=== Begin Enclosure ===
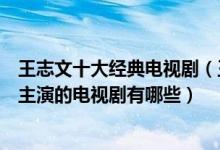 王志文十大经典电视剧（王志文演的电视剧哪个好看王志文主演的电视剧有哪些）
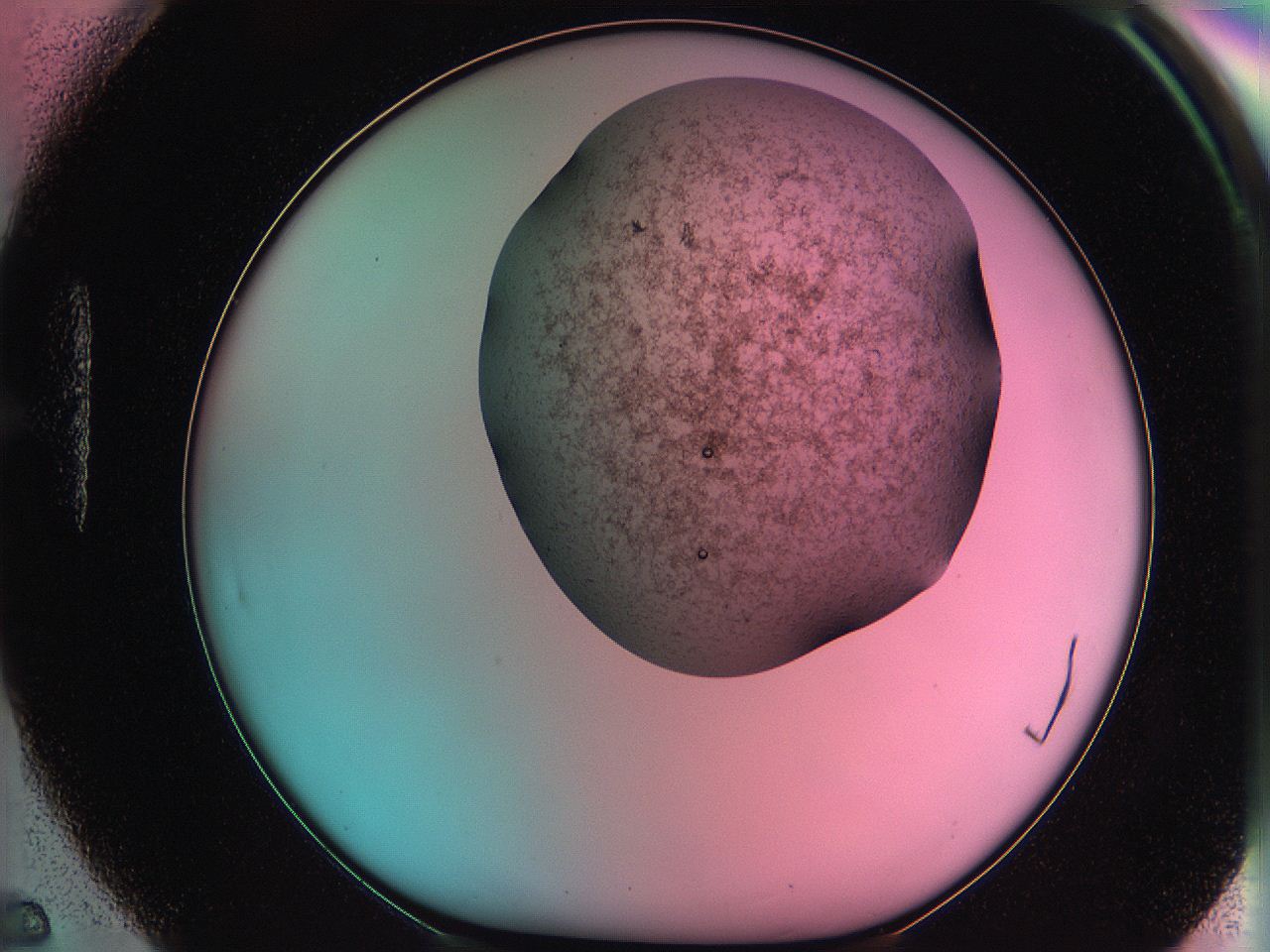 061o_H5_ImagerDefaults_3.jpg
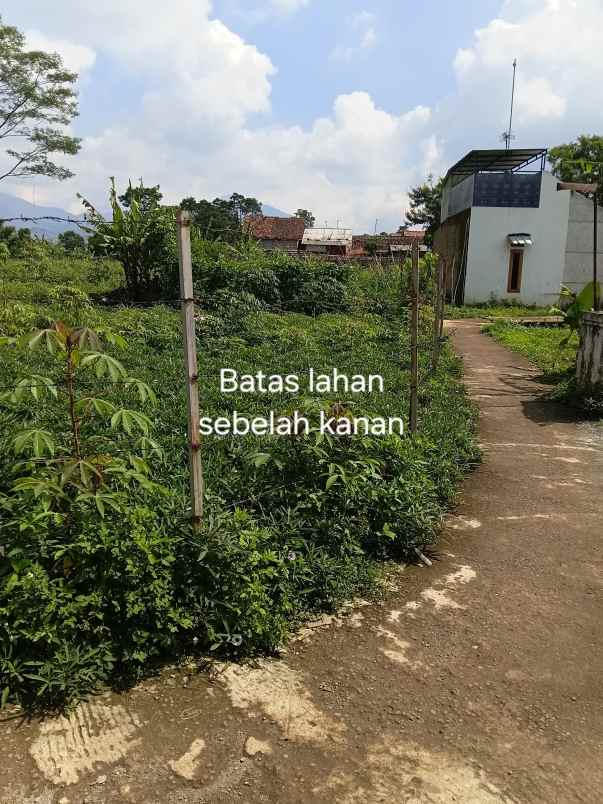 dijual murah tanah shm tanjungsari kab sumedang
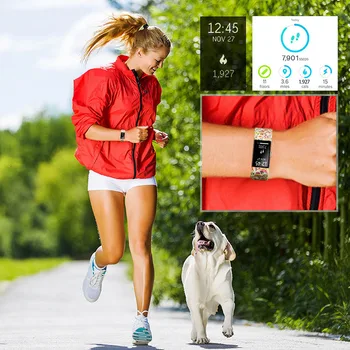 Grupa Nomaiņa Fitbit Maksas 2 Pūce Dizaina Silikona Siksniņu Rokassprādze Par Fitbit Maksas 2 Sportband Mazā Lielā Izmēra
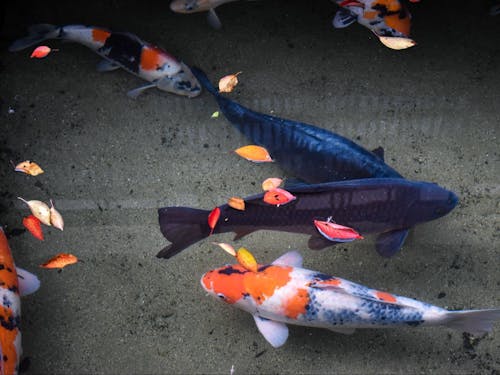 村では水路の音が響き、鯉も泳いでいます✨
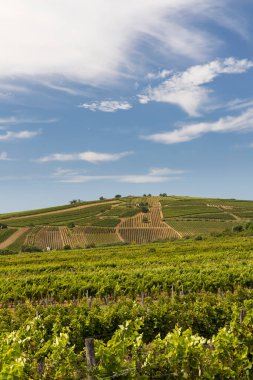 Üzüm bağı, Unesco sitesi, Macaristan 'lı Tokaj manzarası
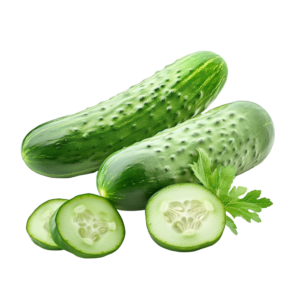 Cucumber ( खीरा )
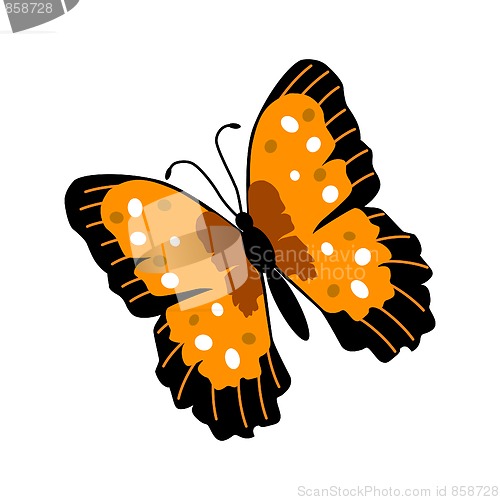 Image of Butterfly Illustration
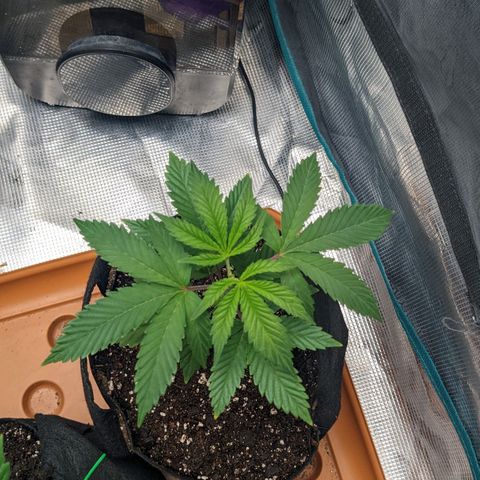 Apple Candies growlog photo: Watered with Tea additive 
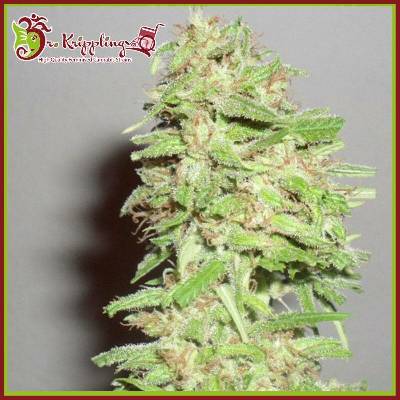 Dr. Krippling Seeds Dizzy Lights AUTO semena neobsahují THC 1 ks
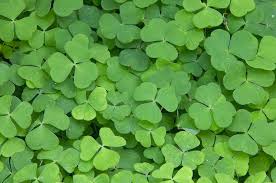 Attēlu rezultāti vaicājumam “Oxalis acetosella leaf”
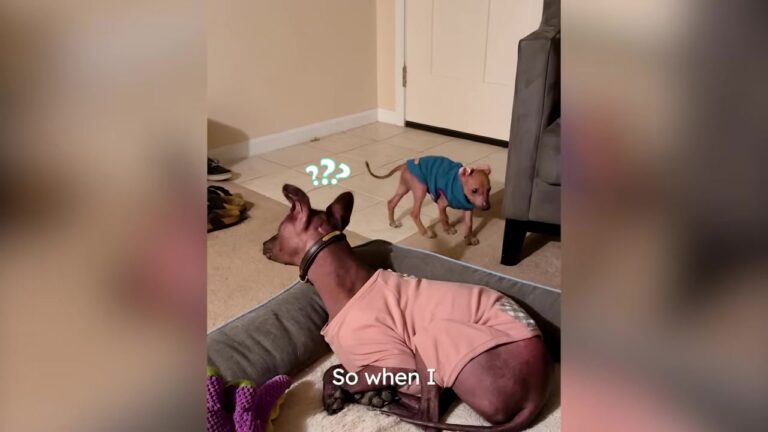 Ohio Woman Rescues Two Hairless Dogs Years Apart, Then A DNA Test Reveals Their Unbelievable Connection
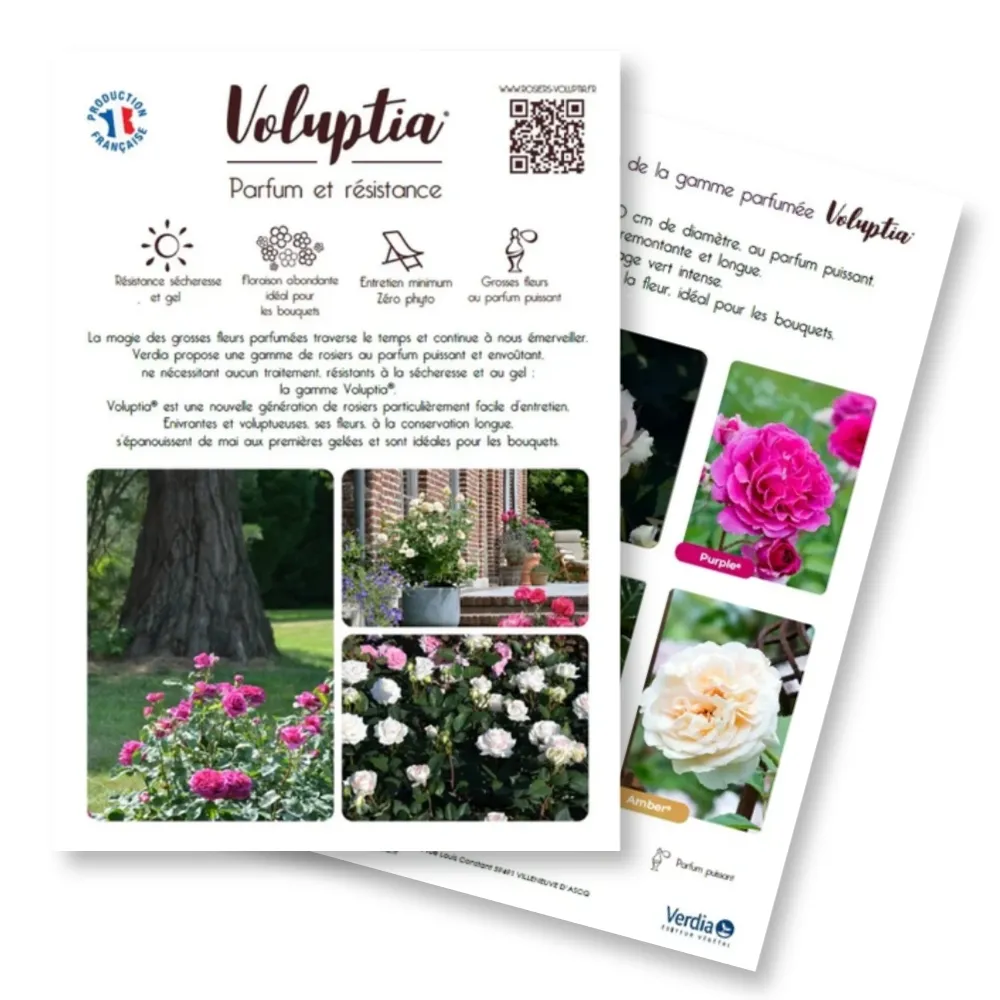 [PLVFLYVOLUPTIA] Plaquette A4 VOLUPTIA® recto verso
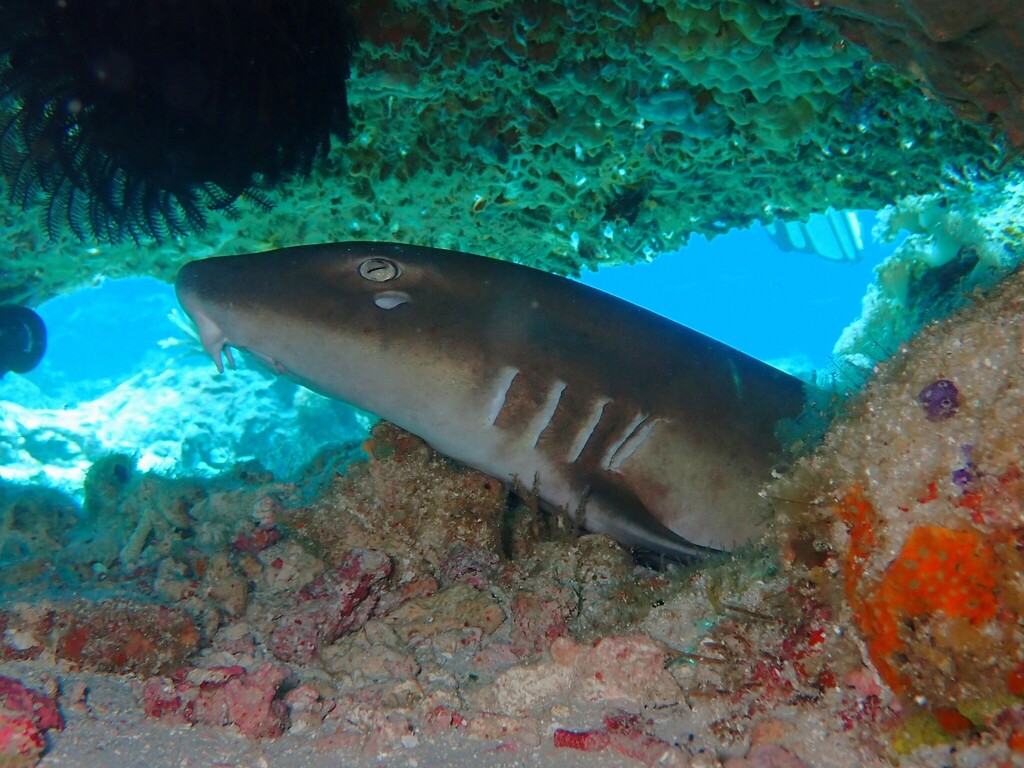 Brown spotted cat shark (Chiloscyllium punctatum) — Hemiscylliidae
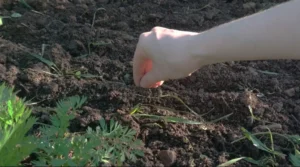 посев укропа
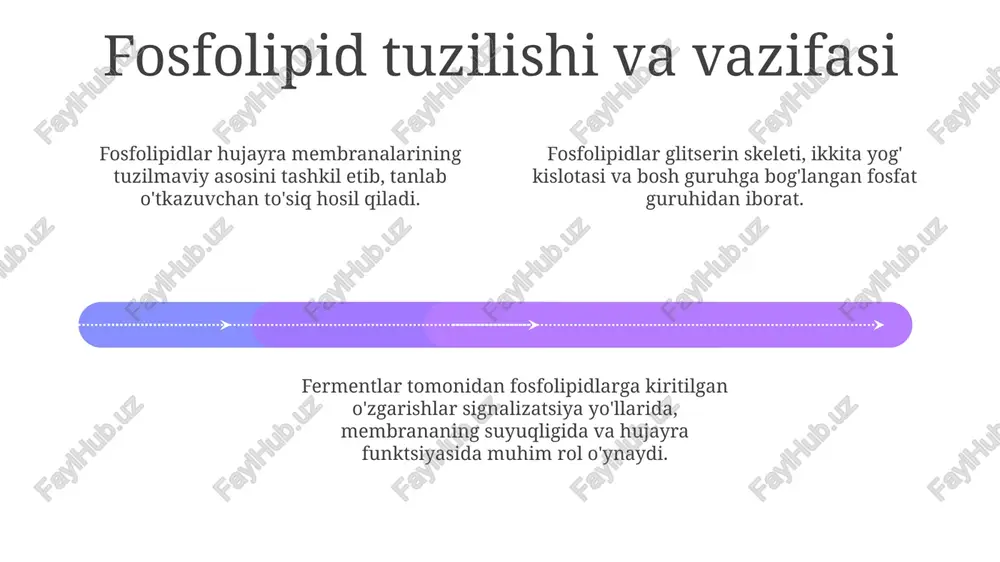fosfolipidlar va fermentlar - Page 4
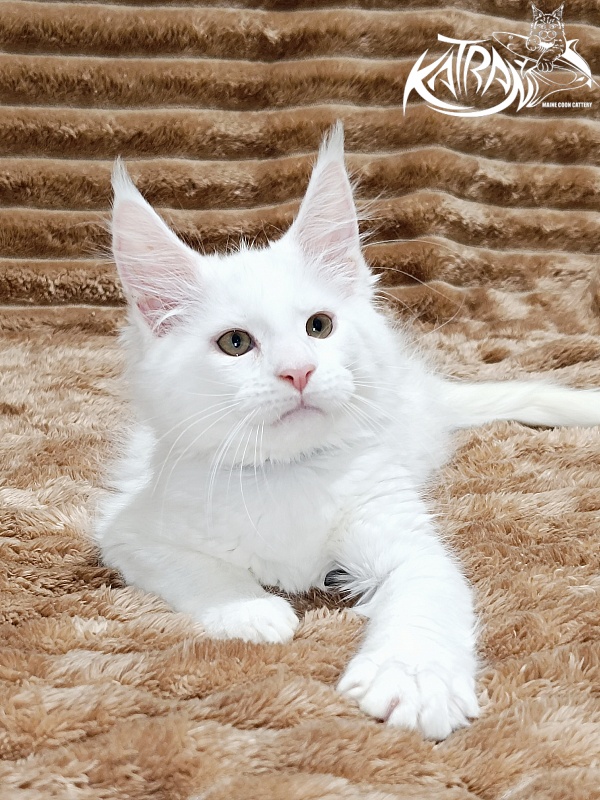 Katran Jenna - Kitten maine-coon 2 months 1 week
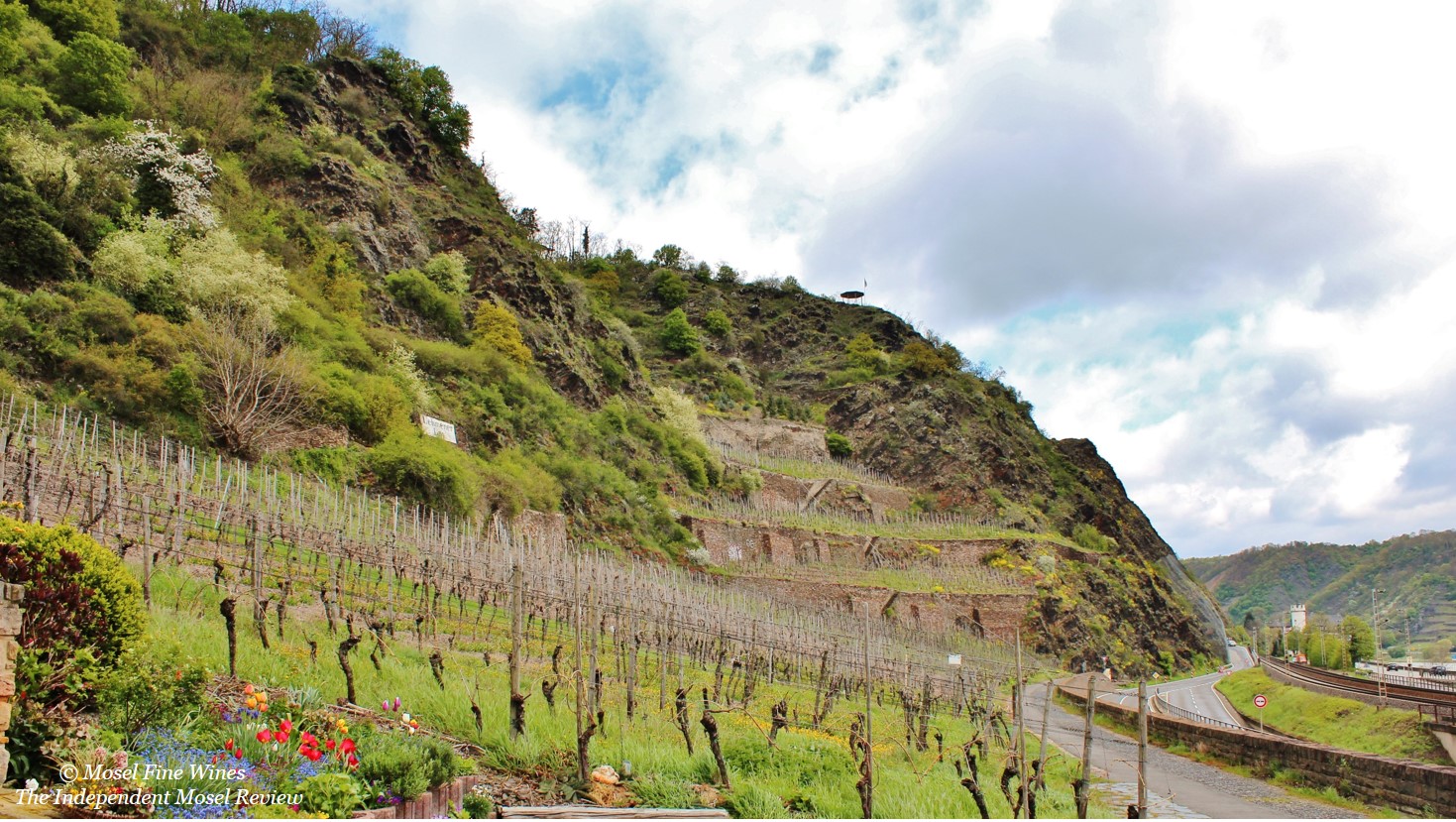 Weingut Materne & Schmitt | Lehmener Lay | Vineyard | Picture | Weinberg | Bild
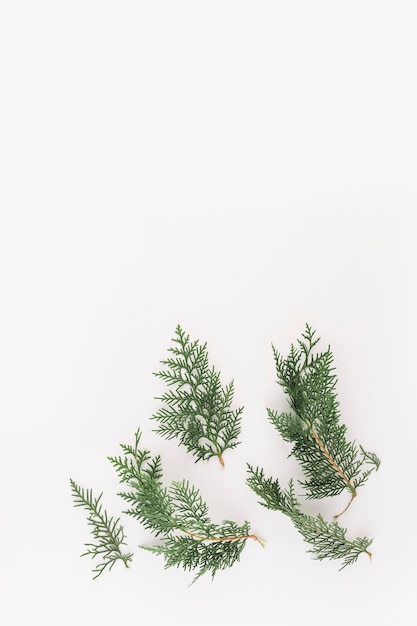 Branches de conifères verts sur un bureau lumineux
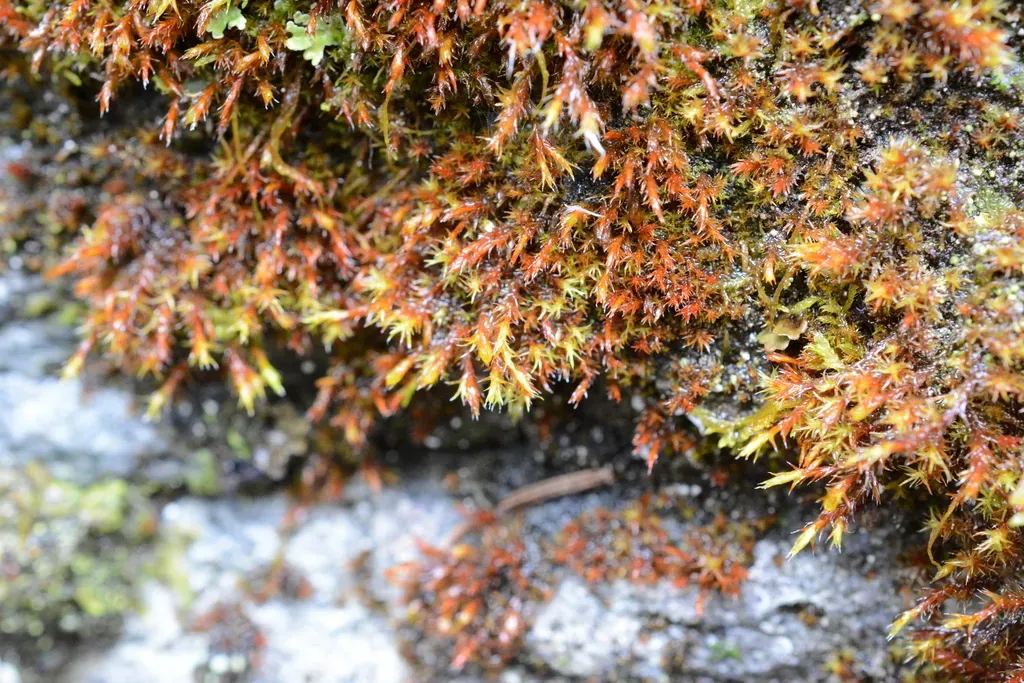 Papillose Bloom Moss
=== End Enclosure ===
[Instructions for the task] Pictures must be left out of the answer, which should be exactly the lines from the one holding "Apple Candies growlog" through the last line of the entries above, both included; please add nothing.

[Result of this exercise]
 Apple Candies growlog photo: Watered with Tea additive 
 Dr. Krippling Seeds Dizzy Lights AUTO semena neobsahují THC 1 ks
 Attēlu rezultāti vaicājumam “Oxalis acetosella leaf”
 Ohio Woman Rescues Two Hairless Dogs Years Apart, Then A DNA Test Reveals Their Unbelievable Connection
 [PLVFLYVOLUPTIA] Plaquette A4 VOLUPTIA® recto verso
 Brown spotted cat shark (Chiloscyllium punctatum) — Hemiscylliidae
 посев укропа
fosfolipidlar va fermentlar - Page 4
 Katran Jenna - Kitten maine-coon 2 months 1 week
 Weingut Materne & Schmitt | Lehmener Lay | Vineyard | Picture | Weinberg | Bild
 Branches de conifères verts sur un bureau lumineux
 Papillose Bloom Moss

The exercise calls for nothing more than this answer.